No quise discutir de esto último con él, aunque me pareció notar cierto aroma en su aliento. Quizá fuera mal whisky. O alcohol de quemar.
—Fíjese —siguió diciendo cuando advirtió que yo callaba—. Sé dónde está Stangl: yo puedo ayudarle a encontrarlo. Stangl a mí no me ayudó. ¿Por qué habría yo de encubrir a Stangl?
Me miró de soslayo:
—Aunque, claro, eso va a costarle a usted dinero.
—¿Cuánto? —le pregunté.
—Veinticinco mil dólares.
—También podía haber pedido dos millones. Yo no tengo ese dinero.
Se encogió de hombros.
—Bueno, le haré un precio especial. ¿Cuántos judíos mató Stangl?
—Nadie sabrá exactamente cuántos murieron mientras él fue jefe de Treblinka. Quizá tantos como setecientos mil.
Dio un puñetazo en mi mesa:
—Quiero un centavo por cada uno de ellos. Setecientos mil centavos. Veamos... eso son siete mil dólares. Una ganga, vamos.

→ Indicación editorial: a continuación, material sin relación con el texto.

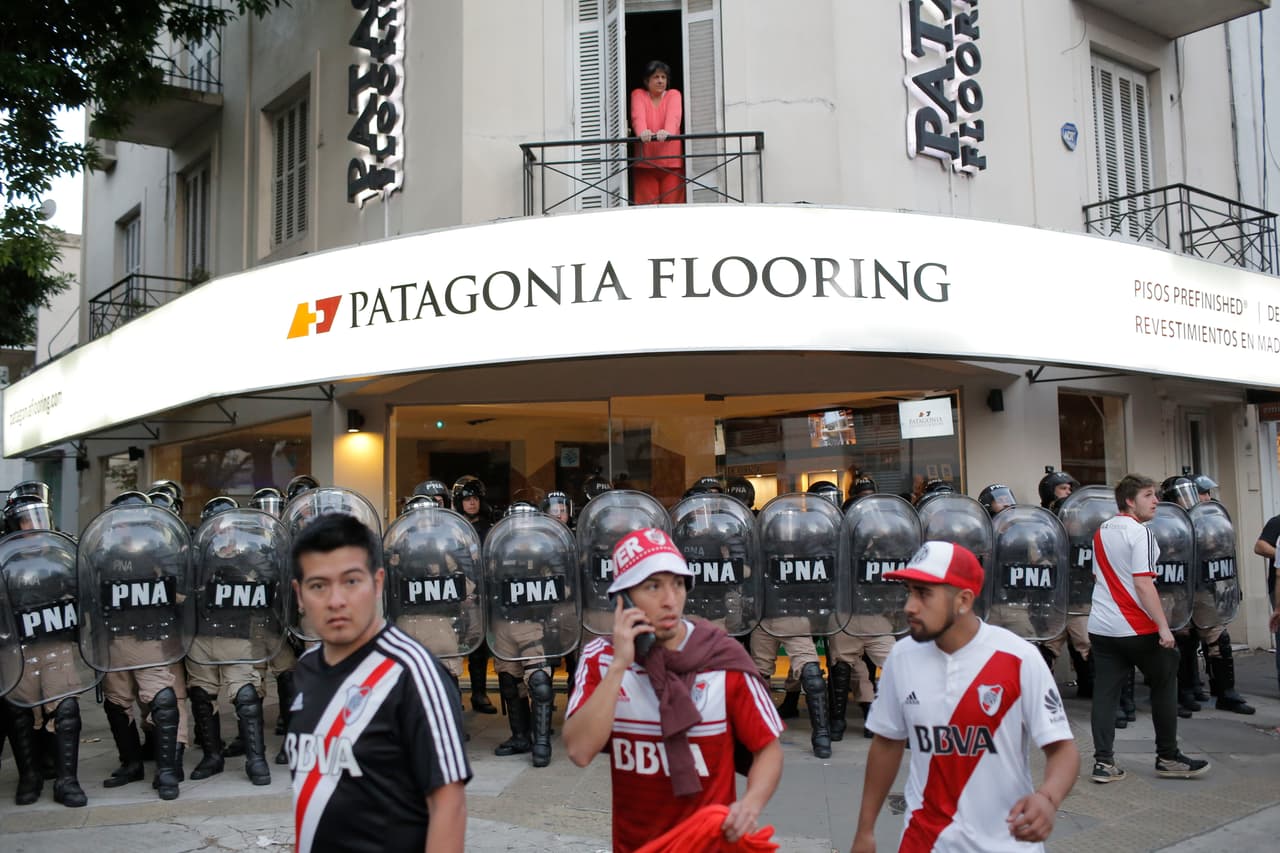 El personal de policía deberá estar preparado para este domingo una vez más al ser reprogramada la final.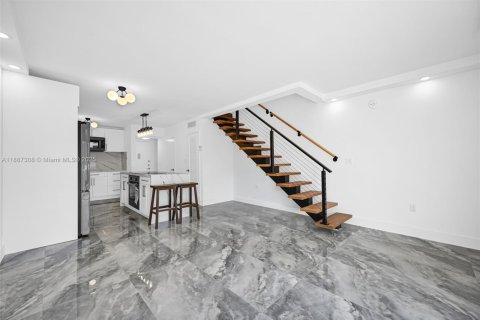 Снять в аренду кондоминиум в Санни-Айлс-Бич, Флорида 1 спальня, 86.4м2, № 1942567 - фото 16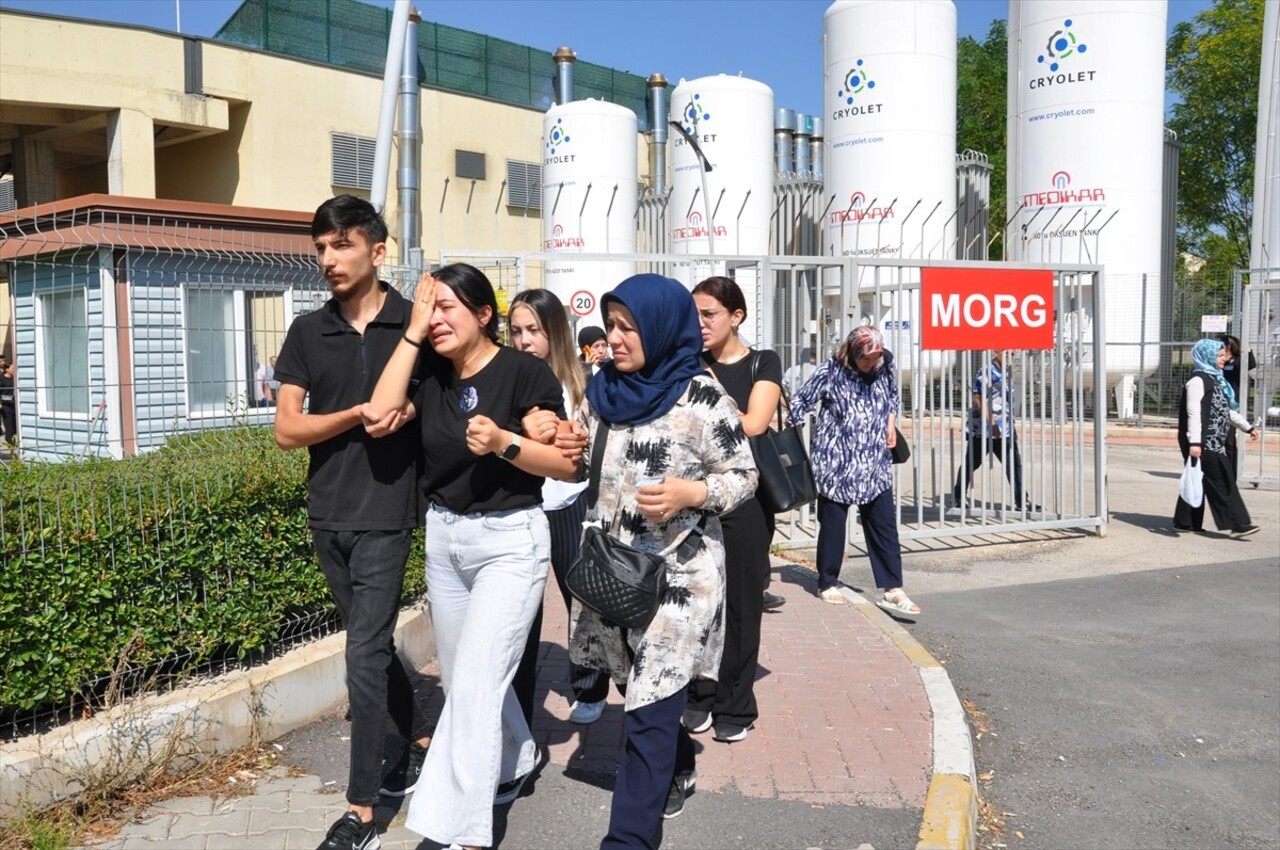 Eskişehir'de, hemşire Tuğba Koç'un evlilik yıl dönümünde ölümüne ilişkin gözaltına alınan eşi...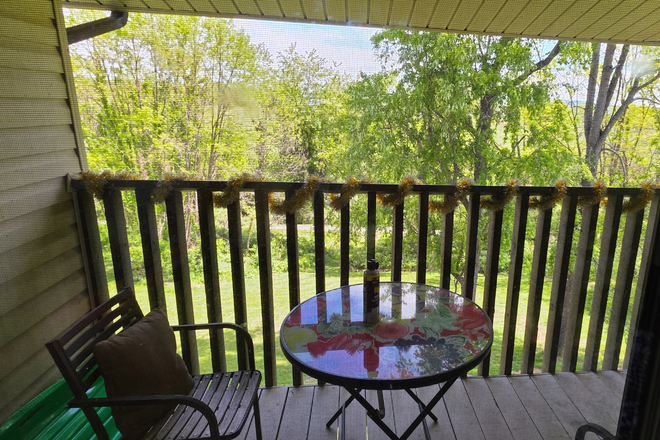 Balcony - Hethwood Apartment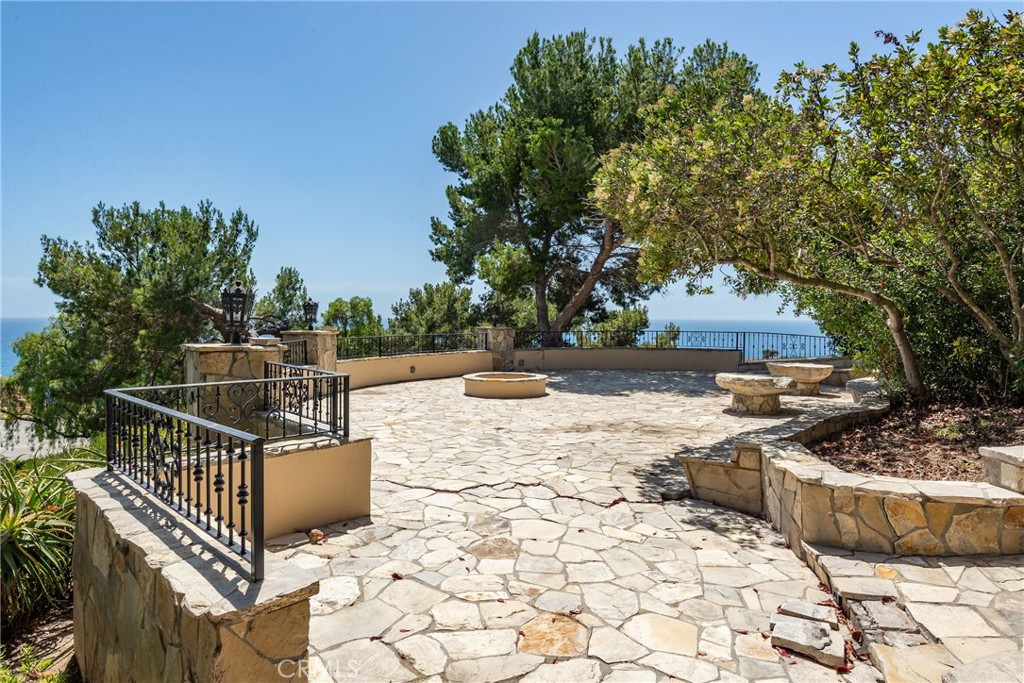1 Peppertree Drive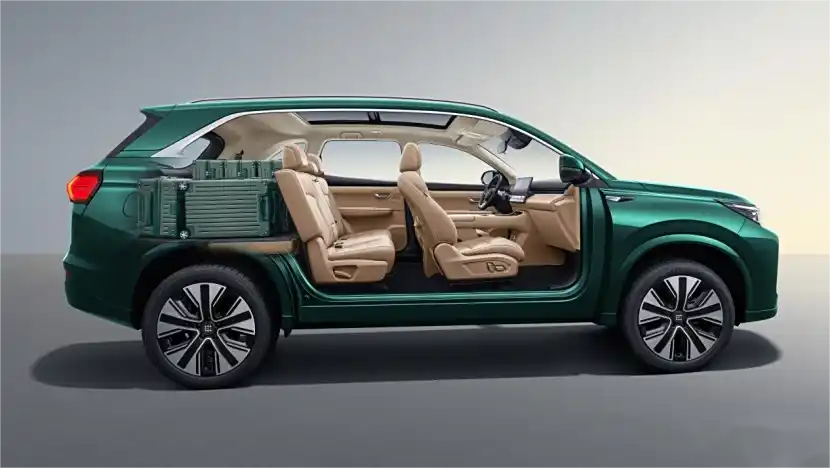 藍(lán)電E5 PLUS上新，一口價(jià)9.98萬(wàn)，10萬(wàn)內(nèi)唯一165km長(zhǎng)續(xù)航插混SUV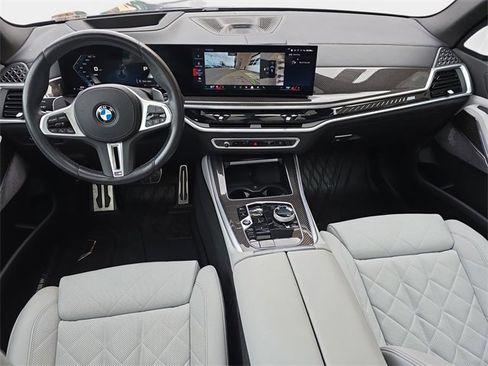 Used 2024 BMW X5 M60i image 10
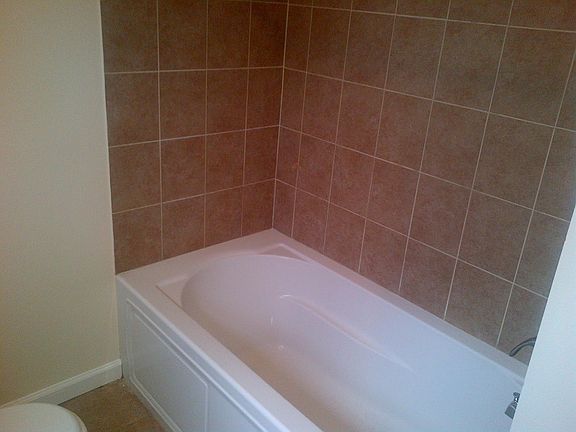 5th image of 137 Botsford St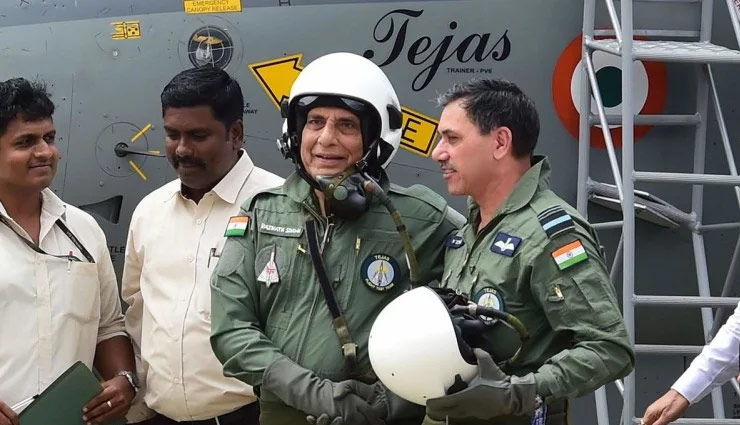 lca tejas,lca tejas mk2,lca tejas mk2 specifications,lca tejas photos,rajnath singh lca tejas pictures,rajnath singh tejas photos,rajnath singh news in hindi,news,news in hindi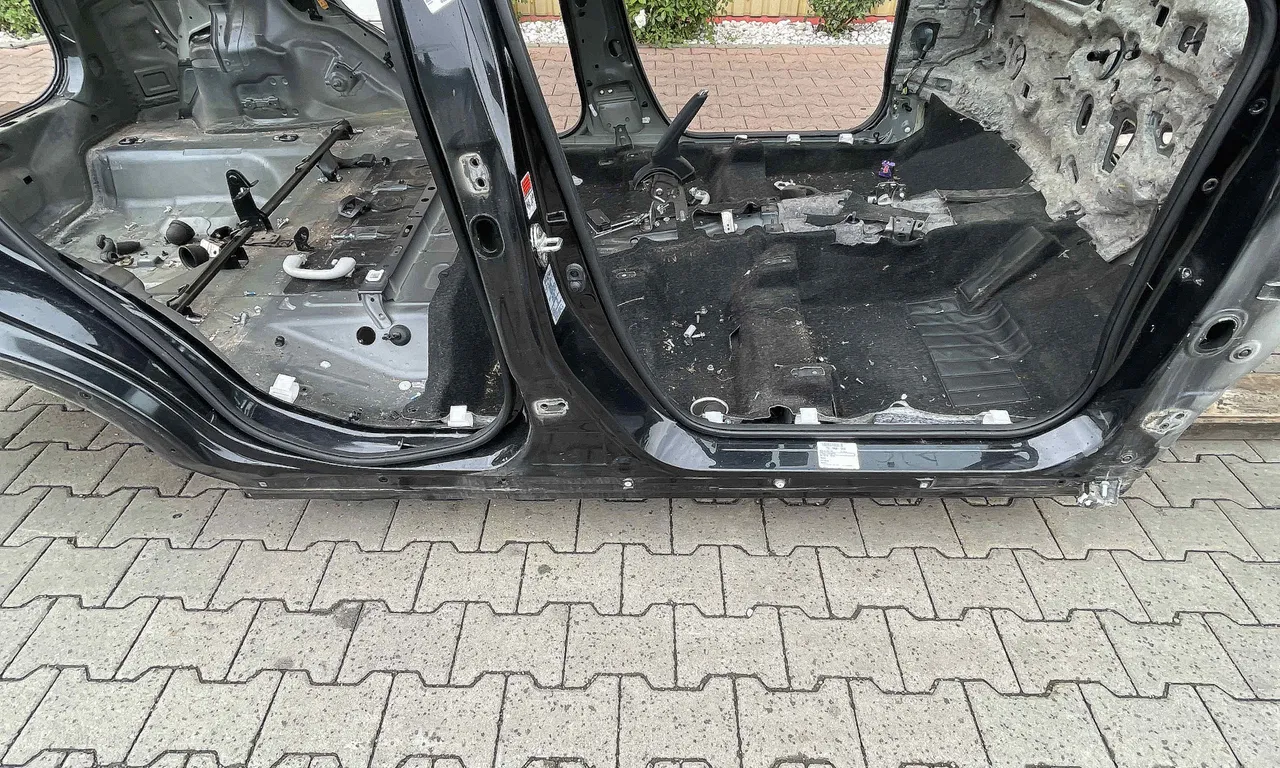 PRAG DREAPTA SUZUKI VITARA 2015-2018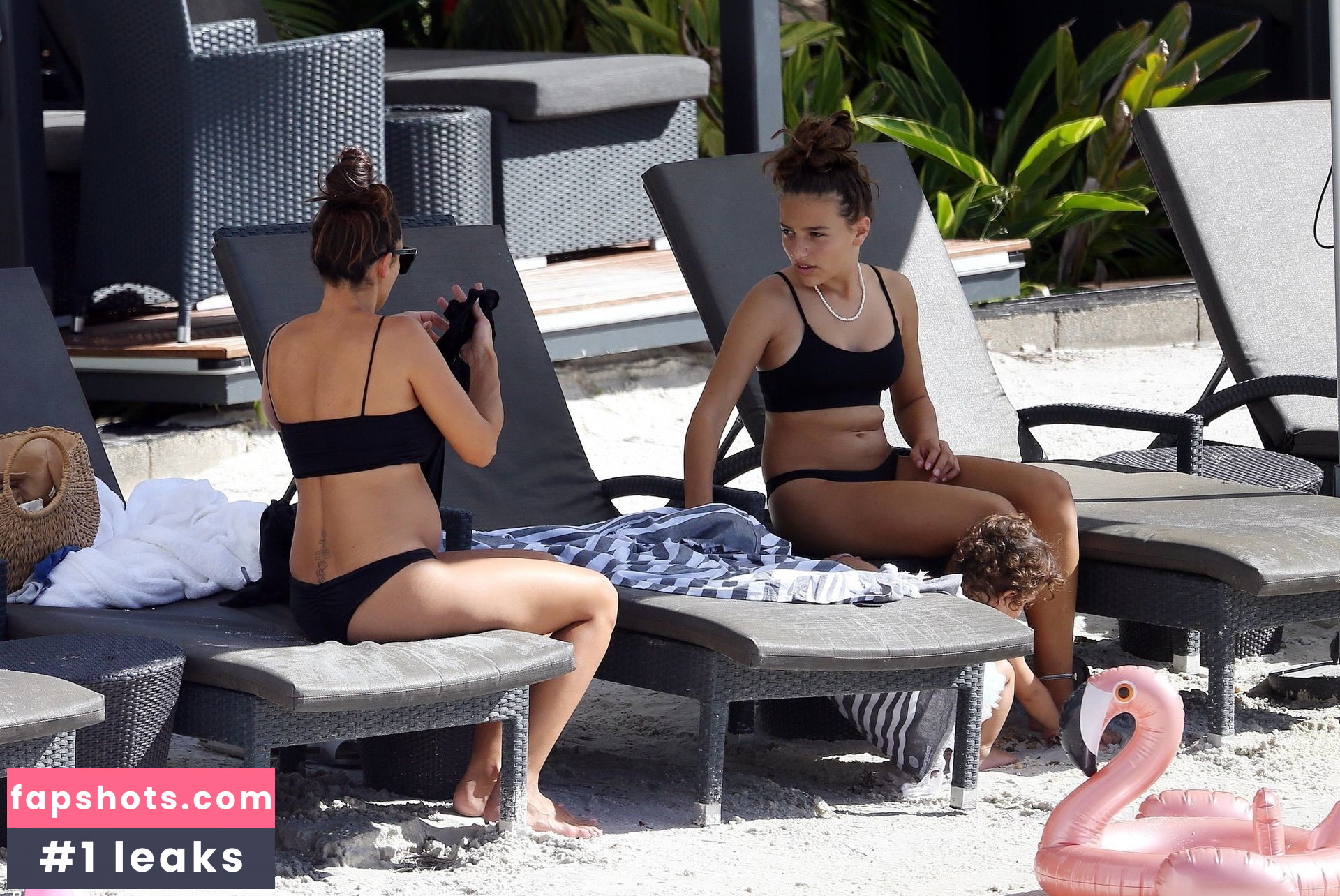 Snezana Markowski gallery photo #7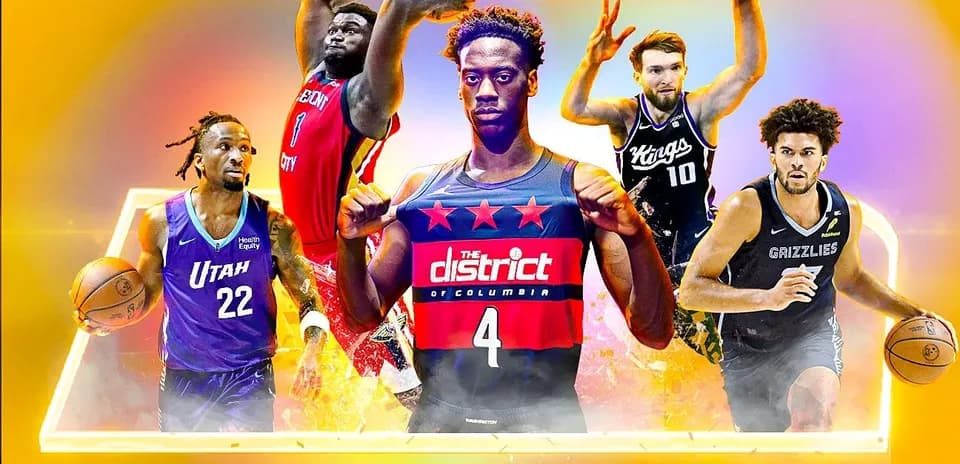Cinq joueurs de basketball avec ballons en action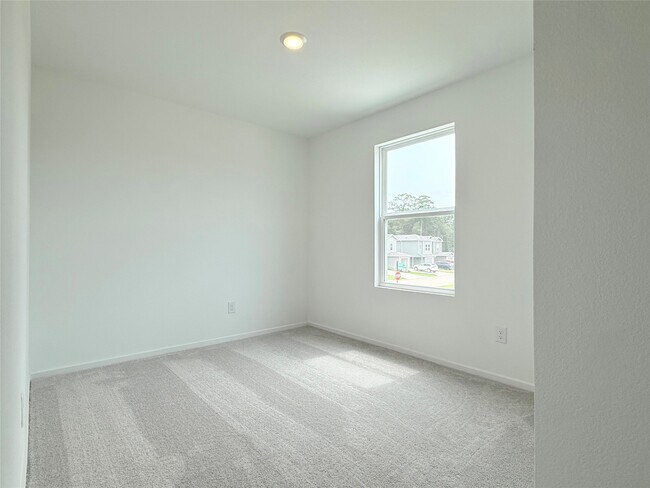 Foto del edificio - 3650 Duplet Ave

Tuve que retener mis manos tras de la mesa porque tenía miedo de perder mi autodominio y abofetearle. A mí ya no me sorprende el cinismo después de todos estos años, pero la aritmética de aquel individuo era demasiado para mí. Me levanté.
—¿Qué me dice? —preguntó.
Tenía ganas de echarle de allí pero me volví a sentar. Quizá fuera aquella mi única oportunidad de hallar al más perverso criminal de todos.
—Ahora no le voy a dar ni un centavo. Pero si arrestan a Stangl gracias a sus informes, tendrá el dinero.
—¿Quién me garantiza que el trato se cumplirá?
—Nadie se lo garantiza. Y si no le gusta, váyase.
—Muy bien. No tiene por qué ponerse nervioso —me dijo. Le diré exactamente dónde trabaja ahora Stangl. Lo que no sé es bajo qué nombre vive. ¿Sigue el trato?
—Adelante.
—Stangl trabaja como mecánico en la fábrica de la Volkswagen de Sao Paulo, Brasil.
La información resultó ser correcta. Stangl todavía trabaja en Sao Paulo, hasta tenemos su domicilio actual. Y todavía sigue «reclamado» por el tribunal provincial de Linz, Austria, que publicó la primera orden de arresto contra él. Una vez vi una fotografía de Stangl: lleva un látigo en la mano y conduce a la gente hacia la cámara de gas de Treblinka. Si ese hombre fuera llevado ante la justicia, no me importaría pagarle siete mil dólares a un antiguo miembro de la Gestapo[1].
[1] Al poner en máquina estas páginas, las agencias de noticias comunican la detención de Franz Stangl, en Sao Paulo, y hacen hincapié en que ello ha sido posible gracias a la información suministrada por Wiesenthal.